Similarly, an article in the World Journal of Urology suggested that women with low T start with 50 mg. of DHEA every morning. If, in 2-3 months, there's no improvement, the dosage could be increased to 75 mg. or even 100 mg. a day, if needed. DHEA is no low-T panacea, though. It may not raise levels significantly, or the bulk of the chemical may be converted to estrogen instead of testosterone.

The Lifestyle Approach

Exercise, specifically weight training, raises T levels in women. The results seem to be transient; they only last a few hours. But even a transient rise in T, if repeated often, might have far-reaching effects.

Sex itself elevates T levels, but whether this rise is more pronounced in women who are in a caring relationship as opposed to those just having one-night stands isn't known. It is known, however, that women in committed relationships often experience a rise in T.

There are also somewhat less clear psychological approaches to raising T in women. Men often experience a rise in T after winning a competition. Similarly, if men are living stress-free lives and feel good about themselves, T levels rise accordingly. Self-esteem seems to play a powerful role in T levels. These things are probably true of women, too.

Questions & Answers

If my testosterone levels are low, what benefits might I see from T replacement?

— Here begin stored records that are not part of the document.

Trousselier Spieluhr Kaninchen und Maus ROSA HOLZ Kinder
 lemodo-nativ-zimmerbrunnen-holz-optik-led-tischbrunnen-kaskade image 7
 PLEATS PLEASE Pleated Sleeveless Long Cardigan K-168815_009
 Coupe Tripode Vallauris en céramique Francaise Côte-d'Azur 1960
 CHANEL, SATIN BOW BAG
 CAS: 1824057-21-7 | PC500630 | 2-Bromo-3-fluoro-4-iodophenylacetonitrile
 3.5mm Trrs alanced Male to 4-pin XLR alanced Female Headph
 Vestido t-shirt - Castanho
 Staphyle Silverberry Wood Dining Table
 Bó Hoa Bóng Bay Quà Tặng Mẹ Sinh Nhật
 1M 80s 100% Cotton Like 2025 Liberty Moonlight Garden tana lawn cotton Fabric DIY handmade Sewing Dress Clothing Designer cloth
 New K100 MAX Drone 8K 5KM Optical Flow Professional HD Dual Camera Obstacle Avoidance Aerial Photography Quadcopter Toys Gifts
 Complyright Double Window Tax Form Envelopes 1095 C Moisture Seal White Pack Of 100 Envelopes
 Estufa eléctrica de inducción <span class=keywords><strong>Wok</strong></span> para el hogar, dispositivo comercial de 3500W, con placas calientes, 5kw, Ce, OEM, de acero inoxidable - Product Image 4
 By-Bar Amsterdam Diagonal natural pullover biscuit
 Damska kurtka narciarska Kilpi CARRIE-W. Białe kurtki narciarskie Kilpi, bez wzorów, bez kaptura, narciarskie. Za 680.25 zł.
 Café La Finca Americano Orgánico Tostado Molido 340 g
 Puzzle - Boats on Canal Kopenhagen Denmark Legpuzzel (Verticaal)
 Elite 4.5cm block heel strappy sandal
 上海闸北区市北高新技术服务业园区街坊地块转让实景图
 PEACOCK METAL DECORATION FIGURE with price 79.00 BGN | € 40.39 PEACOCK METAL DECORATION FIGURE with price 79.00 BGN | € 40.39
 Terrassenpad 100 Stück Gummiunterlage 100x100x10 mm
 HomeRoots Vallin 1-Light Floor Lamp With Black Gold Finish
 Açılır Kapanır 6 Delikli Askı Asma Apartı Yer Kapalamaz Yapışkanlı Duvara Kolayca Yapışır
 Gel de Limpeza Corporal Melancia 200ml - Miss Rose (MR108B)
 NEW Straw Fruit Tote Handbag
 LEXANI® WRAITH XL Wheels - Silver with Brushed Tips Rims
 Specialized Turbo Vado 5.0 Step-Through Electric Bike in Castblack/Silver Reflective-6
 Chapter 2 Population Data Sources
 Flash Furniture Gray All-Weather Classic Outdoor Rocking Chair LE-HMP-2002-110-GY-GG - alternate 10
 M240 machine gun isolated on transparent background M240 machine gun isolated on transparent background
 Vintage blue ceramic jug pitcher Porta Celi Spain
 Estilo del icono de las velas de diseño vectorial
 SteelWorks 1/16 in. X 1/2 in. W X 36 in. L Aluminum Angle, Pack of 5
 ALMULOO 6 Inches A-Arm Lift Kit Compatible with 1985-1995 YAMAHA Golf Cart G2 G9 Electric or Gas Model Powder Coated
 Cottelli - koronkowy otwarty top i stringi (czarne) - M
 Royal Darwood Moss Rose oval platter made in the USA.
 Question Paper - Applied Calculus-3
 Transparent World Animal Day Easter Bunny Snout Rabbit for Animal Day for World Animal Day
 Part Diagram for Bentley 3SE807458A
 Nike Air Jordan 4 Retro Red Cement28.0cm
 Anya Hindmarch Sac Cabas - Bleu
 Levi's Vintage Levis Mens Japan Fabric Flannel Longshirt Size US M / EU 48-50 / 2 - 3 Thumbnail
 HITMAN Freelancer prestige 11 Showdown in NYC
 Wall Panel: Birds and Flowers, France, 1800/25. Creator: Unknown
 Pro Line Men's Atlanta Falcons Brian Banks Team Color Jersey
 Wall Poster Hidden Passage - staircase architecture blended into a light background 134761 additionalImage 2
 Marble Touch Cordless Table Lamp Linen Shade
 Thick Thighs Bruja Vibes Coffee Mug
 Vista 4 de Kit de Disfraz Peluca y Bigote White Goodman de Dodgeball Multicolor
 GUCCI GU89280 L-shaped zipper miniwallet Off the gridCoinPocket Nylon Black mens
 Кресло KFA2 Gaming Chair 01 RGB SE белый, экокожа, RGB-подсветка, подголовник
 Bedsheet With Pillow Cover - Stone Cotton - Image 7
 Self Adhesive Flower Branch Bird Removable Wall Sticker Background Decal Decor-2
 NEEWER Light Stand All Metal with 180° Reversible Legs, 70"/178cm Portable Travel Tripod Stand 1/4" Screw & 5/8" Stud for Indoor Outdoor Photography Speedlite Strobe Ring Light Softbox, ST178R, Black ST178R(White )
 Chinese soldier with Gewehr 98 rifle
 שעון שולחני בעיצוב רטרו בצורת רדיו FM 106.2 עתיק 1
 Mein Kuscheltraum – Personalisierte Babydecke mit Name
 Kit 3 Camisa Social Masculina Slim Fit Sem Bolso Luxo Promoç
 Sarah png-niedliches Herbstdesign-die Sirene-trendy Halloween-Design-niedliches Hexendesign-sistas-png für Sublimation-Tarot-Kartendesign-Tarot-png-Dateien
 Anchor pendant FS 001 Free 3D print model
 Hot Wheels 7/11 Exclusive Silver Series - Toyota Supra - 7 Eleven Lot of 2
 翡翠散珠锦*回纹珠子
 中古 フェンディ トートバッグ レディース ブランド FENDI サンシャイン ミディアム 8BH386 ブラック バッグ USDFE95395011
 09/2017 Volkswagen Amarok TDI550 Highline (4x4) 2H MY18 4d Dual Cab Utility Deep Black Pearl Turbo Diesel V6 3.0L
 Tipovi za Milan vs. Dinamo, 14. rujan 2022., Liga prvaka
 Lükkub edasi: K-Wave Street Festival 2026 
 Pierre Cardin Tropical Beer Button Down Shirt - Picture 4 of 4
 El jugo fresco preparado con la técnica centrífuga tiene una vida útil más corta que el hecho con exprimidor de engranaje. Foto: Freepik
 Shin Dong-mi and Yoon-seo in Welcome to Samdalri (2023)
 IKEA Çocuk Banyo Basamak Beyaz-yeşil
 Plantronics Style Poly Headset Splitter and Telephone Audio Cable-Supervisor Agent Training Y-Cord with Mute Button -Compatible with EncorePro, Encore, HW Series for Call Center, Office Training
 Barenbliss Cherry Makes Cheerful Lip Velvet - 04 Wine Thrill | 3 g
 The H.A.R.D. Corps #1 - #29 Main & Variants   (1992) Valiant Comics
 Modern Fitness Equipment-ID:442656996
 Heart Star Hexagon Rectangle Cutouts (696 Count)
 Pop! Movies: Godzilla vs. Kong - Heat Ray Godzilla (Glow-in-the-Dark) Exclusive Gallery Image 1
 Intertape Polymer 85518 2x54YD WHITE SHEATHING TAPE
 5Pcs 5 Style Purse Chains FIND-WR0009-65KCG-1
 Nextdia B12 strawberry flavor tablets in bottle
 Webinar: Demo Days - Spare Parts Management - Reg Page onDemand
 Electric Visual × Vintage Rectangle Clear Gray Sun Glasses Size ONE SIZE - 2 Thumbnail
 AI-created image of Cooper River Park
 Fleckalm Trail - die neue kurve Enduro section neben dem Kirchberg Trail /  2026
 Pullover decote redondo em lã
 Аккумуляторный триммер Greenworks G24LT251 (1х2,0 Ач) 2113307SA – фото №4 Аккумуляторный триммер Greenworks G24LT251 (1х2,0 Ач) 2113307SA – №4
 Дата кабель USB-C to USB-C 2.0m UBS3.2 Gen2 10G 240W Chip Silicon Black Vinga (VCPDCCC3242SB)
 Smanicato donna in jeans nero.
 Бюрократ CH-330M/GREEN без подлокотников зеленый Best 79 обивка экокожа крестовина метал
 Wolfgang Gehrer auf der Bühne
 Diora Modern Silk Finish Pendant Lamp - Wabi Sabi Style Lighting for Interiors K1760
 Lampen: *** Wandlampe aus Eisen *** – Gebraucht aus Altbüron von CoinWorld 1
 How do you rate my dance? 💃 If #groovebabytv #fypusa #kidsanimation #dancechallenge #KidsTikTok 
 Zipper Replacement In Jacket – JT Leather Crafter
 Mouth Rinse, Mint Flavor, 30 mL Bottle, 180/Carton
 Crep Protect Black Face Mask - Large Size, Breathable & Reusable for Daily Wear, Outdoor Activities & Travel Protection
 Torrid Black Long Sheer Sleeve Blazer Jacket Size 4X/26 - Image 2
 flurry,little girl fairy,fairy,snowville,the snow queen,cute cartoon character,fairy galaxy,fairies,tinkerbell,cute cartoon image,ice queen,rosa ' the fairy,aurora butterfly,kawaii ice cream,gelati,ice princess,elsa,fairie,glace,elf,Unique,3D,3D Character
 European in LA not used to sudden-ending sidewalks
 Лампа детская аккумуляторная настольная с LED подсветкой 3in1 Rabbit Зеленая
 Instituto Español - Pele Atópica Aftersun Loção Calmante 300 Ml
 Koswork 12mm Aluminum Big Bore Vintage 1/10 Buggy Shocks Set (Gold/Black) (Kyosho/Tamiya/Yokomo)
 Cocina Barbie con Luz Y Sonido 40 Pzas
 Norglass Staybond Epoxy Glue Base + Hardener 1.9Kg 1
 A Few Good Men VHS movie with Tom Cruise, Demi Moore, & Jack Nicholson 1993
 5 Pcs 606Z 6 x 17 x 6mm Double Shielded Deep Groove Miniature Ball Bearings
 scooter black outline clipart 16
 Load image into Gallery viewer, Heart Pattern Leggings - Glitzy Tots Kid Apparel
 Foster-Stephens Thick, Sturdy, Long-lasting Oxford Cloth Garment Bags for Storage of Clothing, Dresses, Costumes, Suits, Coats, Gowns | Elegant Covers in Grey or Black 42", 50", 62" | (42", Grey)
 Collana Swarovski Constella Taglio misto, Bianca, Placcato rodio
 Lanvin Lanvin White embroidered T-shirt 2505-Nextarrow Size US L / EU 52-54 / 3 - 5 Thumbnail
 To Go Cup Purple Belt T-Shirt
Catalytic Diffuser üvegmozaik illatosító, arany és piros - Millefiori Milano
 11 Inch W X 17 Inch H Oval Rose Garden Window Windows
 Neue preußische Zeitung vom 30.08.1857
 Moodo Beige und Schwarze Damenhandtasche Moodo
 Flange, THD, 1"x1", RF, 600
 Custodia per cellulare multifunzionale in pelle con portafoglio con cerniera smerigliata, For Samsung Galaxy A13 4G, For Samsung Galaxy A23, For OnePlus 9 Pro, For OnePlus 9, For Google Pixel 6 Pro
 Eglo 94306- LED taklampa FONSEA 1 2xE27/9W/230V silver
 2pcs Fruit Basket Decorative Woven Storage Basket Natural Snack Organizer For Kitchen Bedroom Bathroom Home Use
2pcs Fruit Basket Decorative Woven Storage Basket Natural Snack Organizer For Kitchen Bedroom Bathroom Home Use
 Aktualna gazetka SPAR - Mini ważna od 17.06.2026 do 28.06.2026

Generally, women who increase their testosterone might experience an increase in bone and muscle mass, loss of excess body fat, and an increase in sexual desire and satisfaction, along with more energy, ambition, and enjoyment of life.

Are there any dangers associated with taking prohormones or using testosterone?

If a female takes too much testosterone or its precursors, it can result in unwanted body hair growth and, in extreme circumstances (taking way too much testosterone over an extended period of time) result in a deepening of the voice, growth of the clitoris, acne, shrinking breast size, alopecia, and unwarranted anger.

Studies on women who replace their testosterone to clinical levels, however, generally don’t experience any adverse effects on lipid levels, carb metabolism, blood pressure, or cardiovascular health. Neither have there been any reported increases in breast cancer associated with T replacement.

Can taking testosterone impair fertility?

Only if T levels are raised well above normal for an extended time.

Are there any women who shouldn't consider testosterone replacement?

Women who are pregnant or could become pregnant should refrain from using testosterone replacement. Similarly, those with high cholesterol, liver or heart disease, or breast or uterine cancer should avoid it. Regardless, any woman considering testosterone replacement or therapy should consult her physician.